**ASSIGNMENT:**
Write out an exact copy of the line containing "Telewizor PANASONIC TV-77Z95BEG" and all lines that follow it in the data below, leaving out pictures.
DATA TO EXAMINE START
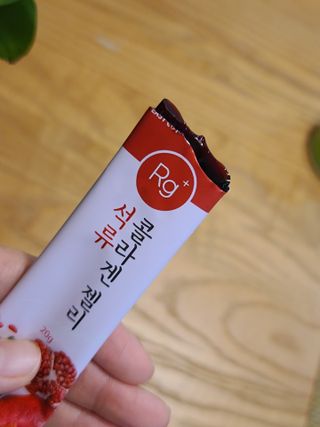 함초록 Rg+ 석류콜라겐젤리 — 4점을 준 리뷰어가 2021년 3월 올린 사용 사진
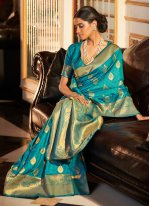 Astonishing Weaving Handloom silk Classic Saree
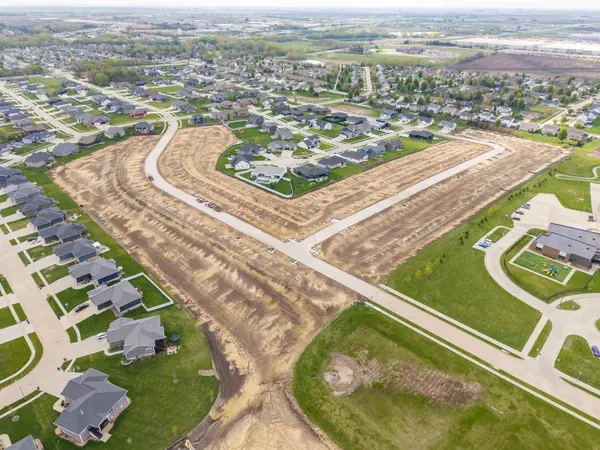 Lot 14 Ashworth DR, Cedar Falls, IA 50613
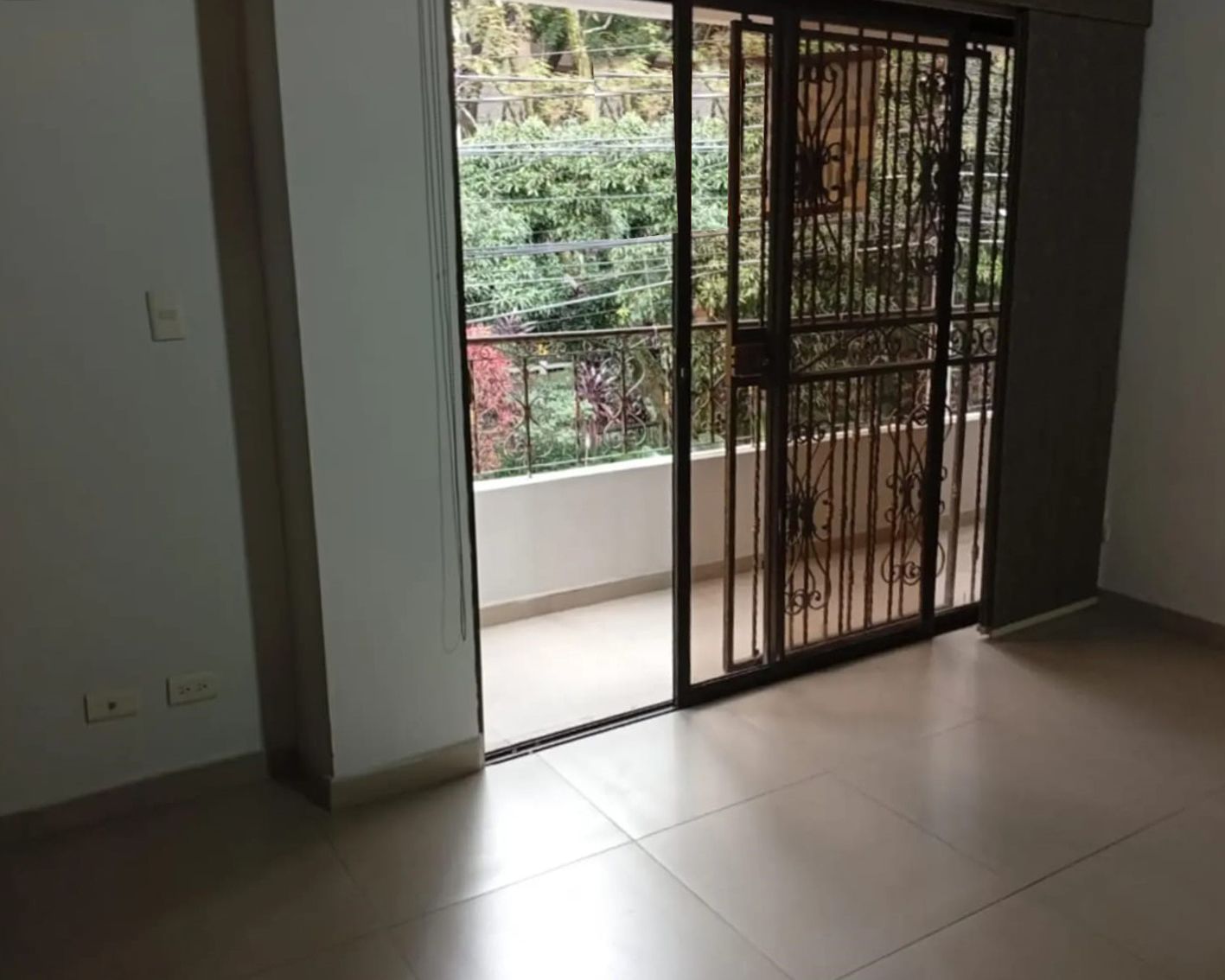 Casa en arriendo Antioquia Medellín El Nogal Los Almendros 200 m2 Habitaciones 4 Baños 4 Garajes 1 Precio $5800000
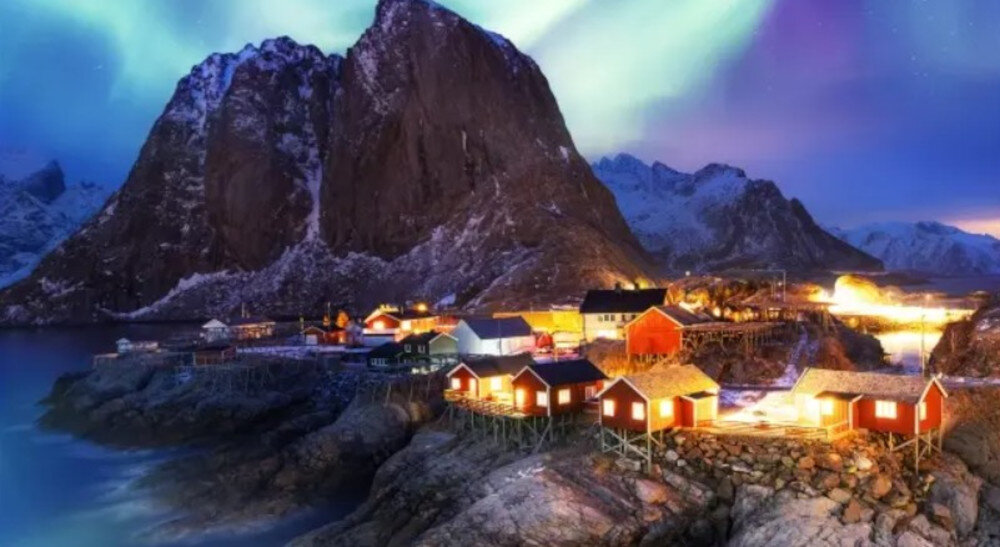 Telewizor PANASONIC TV-77Z95BEG HDR HLG HDR10 Dolby Vision kolory jasność, miasteczko połozone w górach nad akwenem wodnym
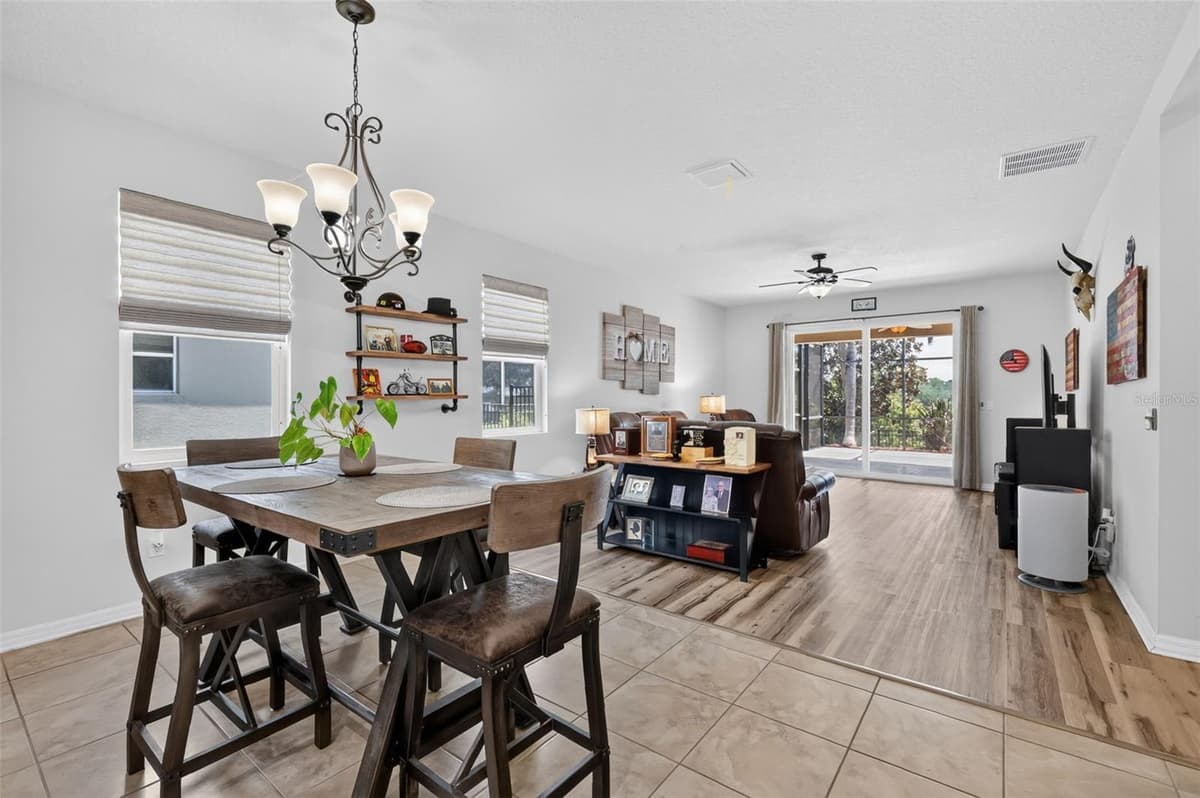 3115 ZANDER DRIVE — photo 11 of 41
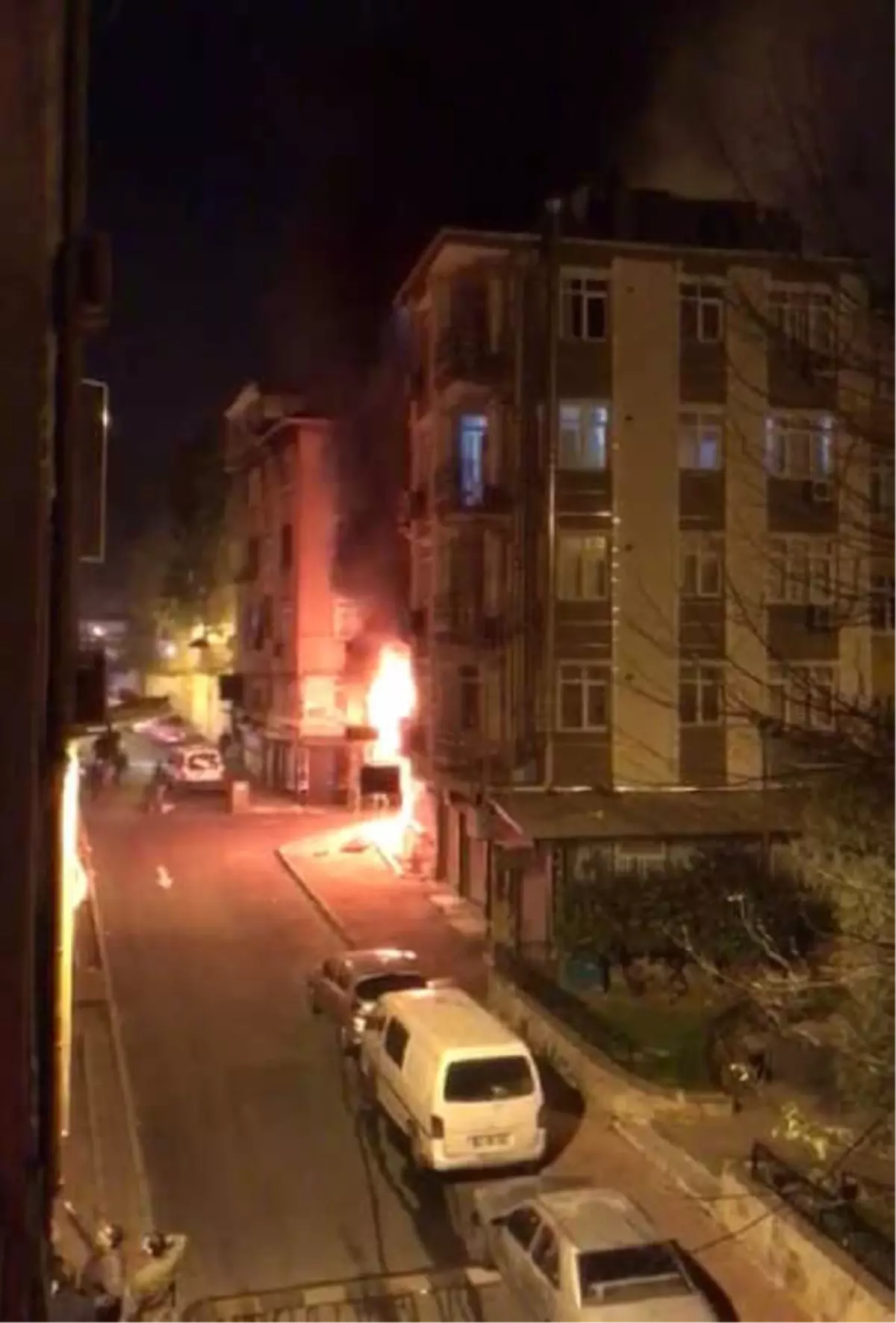 İş Yeri Alev Alev Yandı, Mahsur Kalan 10 Kişiyi İtfaiye Kurtardı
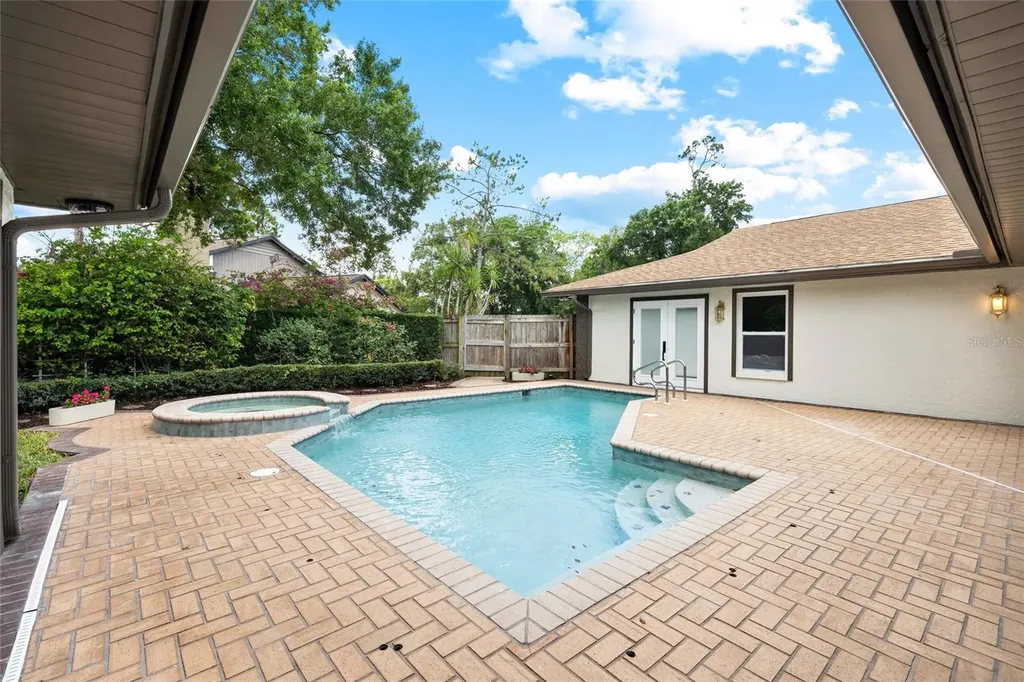 13325 Golf Crest Circle Tampa FL 33618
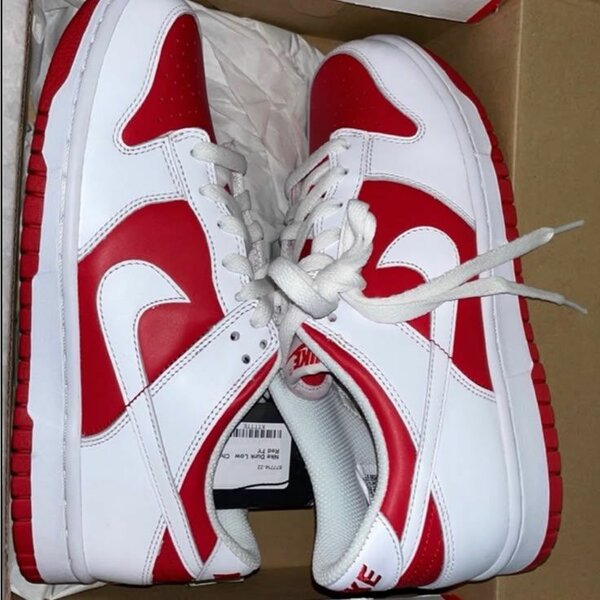 Baskets Nike blanches et rouges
DATA TO EXAMINE END
**SOLUTION FOR THIS EXERCISE:**
 Telewizor PANASONIC TV-77Z95BEG HDR HLG HDR10 Dolby Vision kolory jasność, miasteczko połozone w górach nad akwenem wodnym
 3115 ZANDER DRIVE — photo 11 of 41
 İş Yeri Alev Alev Yandı, Mahsur Kalan 10 Kişiyi İtfaiye Kurtardı
 13325 Golf Crest Circle Tampa FL 33618
 Baskets Nike blanches et rouges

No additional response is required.